We don't know much about the relationship between William Shakespeare and Anne Hathaway. To use modern terms, it was a commuter marriage — he worked in London theater and she was stuck back home with the kids in Stratford-on-Avon.
But there was no e-mail, texting, phone or Skype. They went long stretches with no communication and even longer between face-to-face visits. Tough to keep the home fires burning, if that's what they did in the 16th and 17th centuries.
Canadian playwright Vern Thiessen has cobbled together the few facts we know about Hathaway and fashioned a one-person play, "Shakespeare's Will," that uses the Bard's final testament as a jumping-off point to imagine the long-distance marriage. Actor Cathy Fuller will play Hathaway in a Jungle Theater production opening Friday night.
When Shakespeare died in 1616, he left to his wife of 34 years "my second-best bed and furniture." This odd bequest has fueled great speculation. Was it a cheap slap at Hathaway (the bulk of the estate was left to their daughter, Susanna) or was it a symbolic gift of the wedding bed to someone who probably also automatically was entitled to a third of the estate?
The question is significant for what it might intimate about the quality of their relationship. The answer is simply speculation, because there was no People magazine or TMZ to report the sizzling headlines: "Will parties in London while Anne steams in Stratford."
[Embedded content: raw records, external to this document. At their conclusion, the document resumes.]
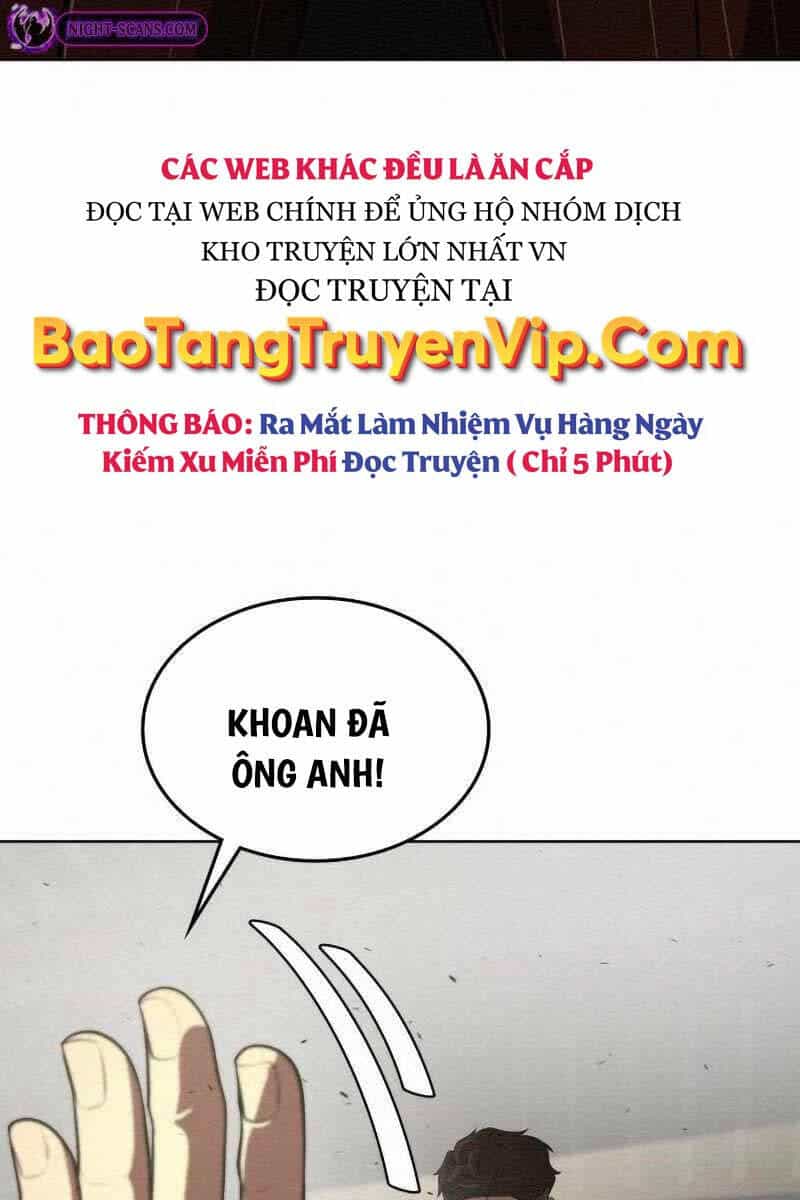 Phản Lão Hoàn Đồng Ở Thế Kỉ 21 - Chương 7 - ảnh 10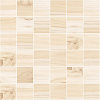 Картинка анонса товара «мозаика laparet woody 30x30 х9999219598»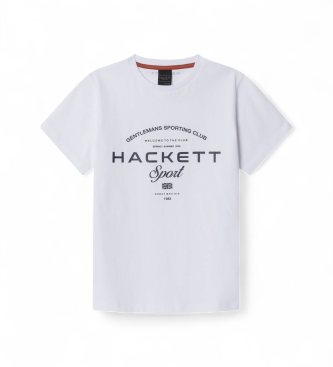 Hackett London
Unburdened by the strictures of history, Thiessen imagined Anne returning to her home following Shakespeare's funeral (she outlived William by seven years) and reminiscing on their life together — or mostly apart. They married in 1582, when he was 18 and she was 26 (and with child — scandal!!!!). Three years later, he was off for London to make his fame and whatever fortune he could amass. She stayed at Stratford, about 80 miles away. He got home when he could.
"Vern imagined what it was like for her, and all those years he wasn't home," said Fuller.
A friend had shown her the script a while back and after reading it, Fuller decided she would like to do it. She pitched it to Bain Boehlke at the Jungle and he said, Let's do it.